The mid cap stock earnings for the last quarter is better than anticipated but that brings up to almost 0% earnings growth for 2024. But what the analyst are anticipating is lower 2025 earnings growth than anticipated falling from about 14% to 12%.

That will not be too different from the US large cap stocks.

S&P 600 – US Small Cap

So here is the revenue growth forecast for the US Small Cap stocks:

The revenue for 2024 (this time blue line) came in weaker as more and most announcements happen such that the revenue growth in 2024 is almost 0%. The 2025 revenue forecast (red line) was higher, which brings revenue growth to be inline with the mid cap stocks.

Like the revenue, the 2024 earnings growth (blue line) finished even worse. Small cap registered a -12% earnings growth in 2024. The earnings growth line for 2025 (red) show a more volatile estimation where earnings growth forecast was heading lower before an upward adjustments. This is very different from the same time in 2024 (observe the start of the blue line in 2024) where the forecast just headed down.

Small cap earnings are estimated to grow at 20% in 2025.

Perhaps analyst is anticipating better earnings from more interest rate easing.

So Large Cap and Mid Cap both anticipated to grow at 10-12% and Small Cap 20%.

Current Large, Mid and Small Cap Index Valuations

Why not let’s review where we are at with valuations. The valuations from Yardeni Research is based on forward earnings forecast.

Here is the S&P 500:

If we take out those euphoric and depressive times, large cap forward earnings typically stay around 15 times. This is so in the well growing early 1990s. The 2010 to 2020 show a recovering and valuation expansion from low valuation to the 15 times valuation.

It is only in the last five years where we see 20 times valuation to be the norm.

While prices have corrected, US large cap is still about 22 times forward earnings.

Here is the S&P 400:

From the chart, the mid-cap typically trades slightly above 15 times. We should note that unlike the S&P 500, we only have data from 1999 onwards so we cannot compare how things are before this. Notice that valuations never shot past 20 times forward earnings.

Anytime the index dip below 15 times might be a good opportunity if you have more money to tranche in. And we should not be affected by high 20 times PE valuation of the US large cap because the nature of the mid caps look rather different.

Here is the S&P 600:

Valuations for the small cap look rather similar to the mid-caps. They would typically trade above 15 times. What is interesting is in the 2000-2008 period, where we know small-caps (and mid-caps) did better than large caps, valuations stayed around the 15 times region.

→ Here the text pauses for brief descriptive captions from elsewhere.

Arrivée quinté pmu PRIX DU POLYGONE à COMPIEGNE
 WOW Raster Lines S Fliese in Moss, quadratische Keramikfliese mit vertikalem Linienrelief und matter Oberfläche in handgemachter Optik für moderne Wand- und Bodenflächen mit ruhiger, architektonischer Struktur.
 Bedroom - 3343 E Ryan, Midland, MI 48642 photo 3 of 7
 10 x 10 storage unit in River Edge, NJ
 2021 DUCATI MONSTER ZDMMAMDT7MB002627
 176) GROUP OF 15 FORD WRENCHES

I guess the US large cap underperformed because valuations went near 25 times and they corrected all the way down to 15 times. If you take 25/15 -1 that is a big big drop. The small cap valuation didn’t became excessive.

Long story short, we talked about excessive US valuations, relative to historical. But by all accounts, perhaps what is different is in the US large cap.

You get good performance in the past, but you would have to have your own self talk regarding the higher relative valuations.